- TurtleTree Scientific — the B2B arm of Singaporean cell-based breastmilk startup TurtleTree Labs — has entered into a “fully funded collaboration” with US biotech company Dyadic International.
- The pair will co-develop recombinant growth factors which can be manufactured in bioreactors at high yields and relatively lower cost.
- Dyadic says its C1 gene expression platform can lower production costs, accelerate production timeframes, and improve performance of drugs, vaccines, and other biological products.
Why it matters:
Florida-based Dyadic, which was founded in 1979 and IPOd in 2018, could help TurtleTree to significantly scale up its development of growth factors for manufacturing cell-based protein products – including its lab-cultured human breastmilk.
Dyadic’s C1 platform, built around Thermothelomyces heterothallica fungus, can produce recombinant proteins which can be used in growth factors at industrial scales of up to 500,000 liters.

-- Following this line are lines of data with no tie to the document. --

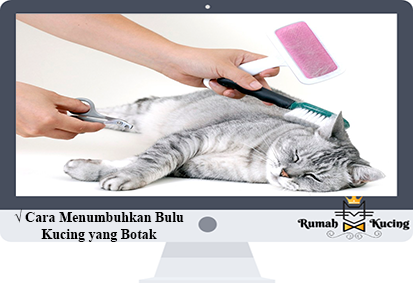 Detail Kucing Botak Di Kepala Nomer 30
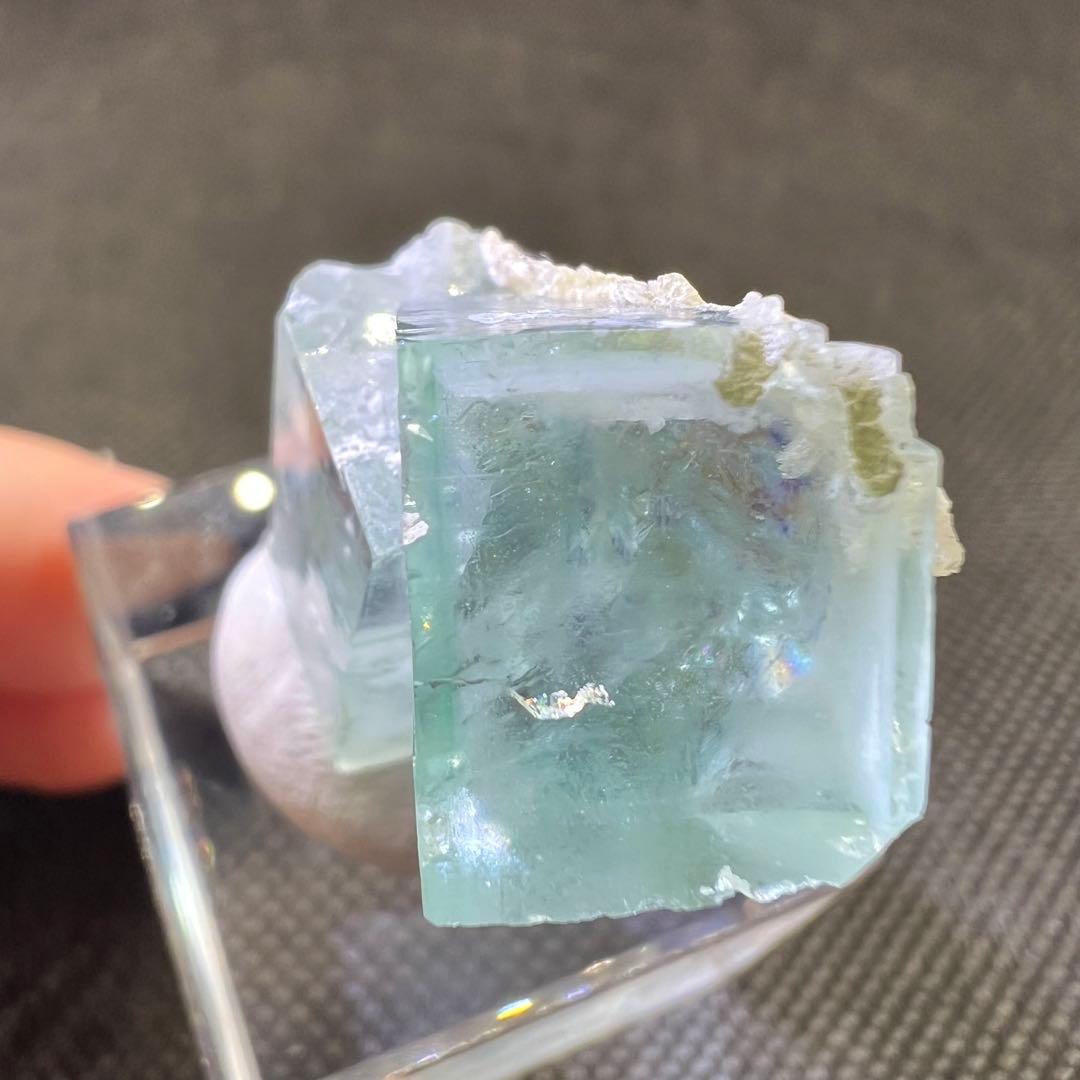 ヤオガンシャン ライトグリーン ブルーウィンドウ パープルファントム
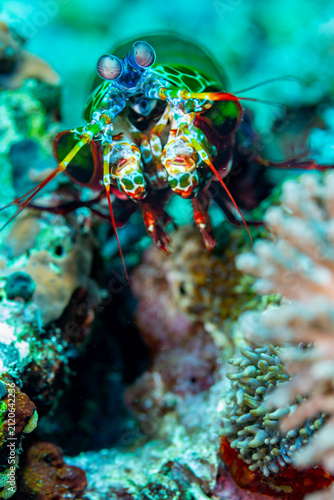 A Peacock Mantis Shrimp (Odontodactylus scyllarus) peers out from its coral reef home.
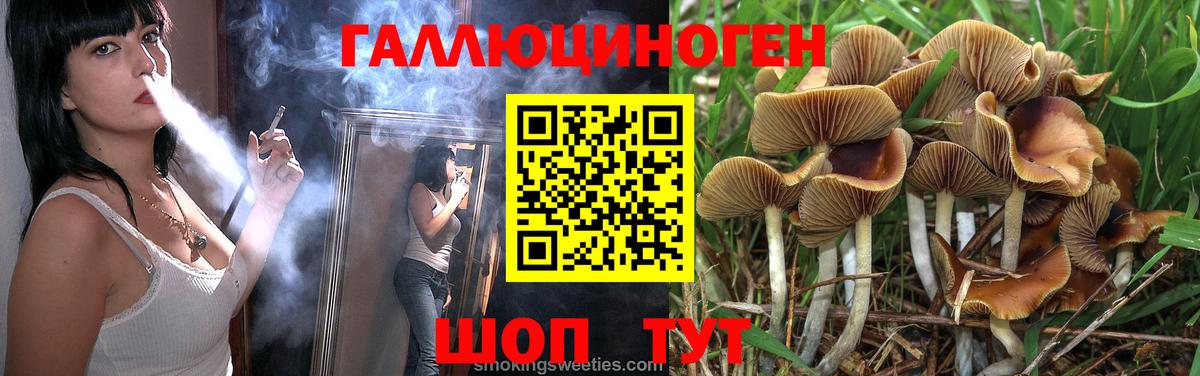 Галлюциногенные грибы Psilocybe  Вход с VPN  Томск 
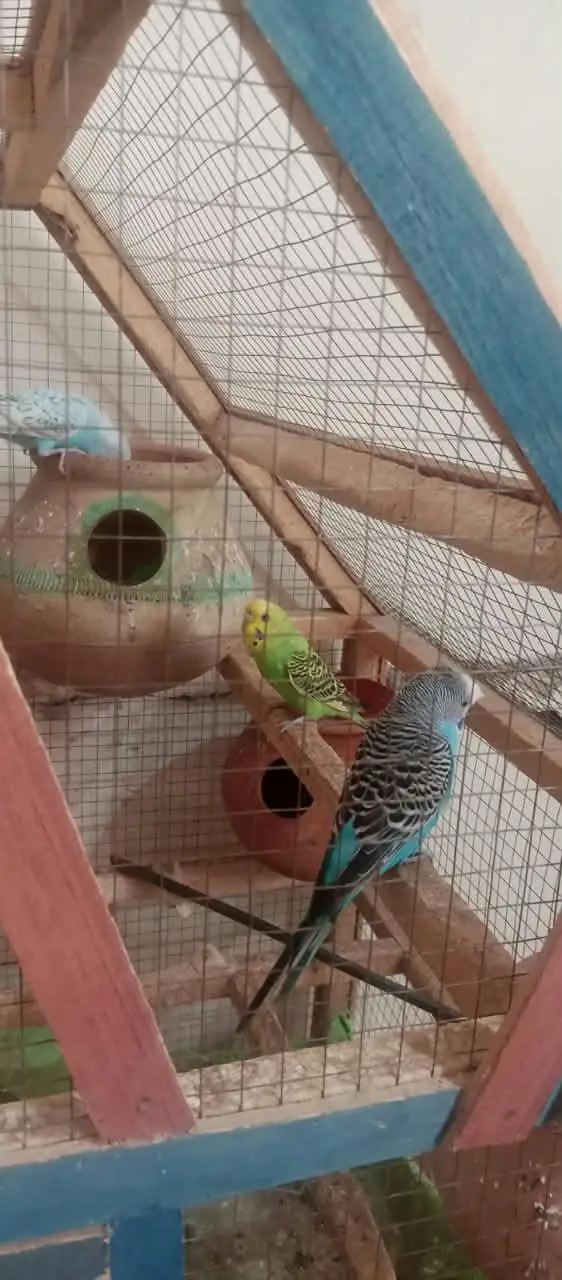 Australian parrots for sale on less rate — photo 9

It has been used by multinationals including BASF and DuPont.
“We will engineer our hyper-productive C1 cell lines to develop […] growth factors with high bioactivity and yields which can be manufactured at flexible commercial scales and at costs that we anticipate will help TurtleTree accelerate their business,” Ronen Tchelet, Dyadic’s vice president of research and business development, said in a statement.
Max Rye, TurtleTree’s co-founder and chief strategist, said it “has been a challenge” to manufacture human growth factors affordably and at scale.
“It was important for us to partner with Dyadic and C1 to help us overcome this hurdle, without compromising on the safety or efficacy of these growth factors, while lowering our capital and operating expenditures.”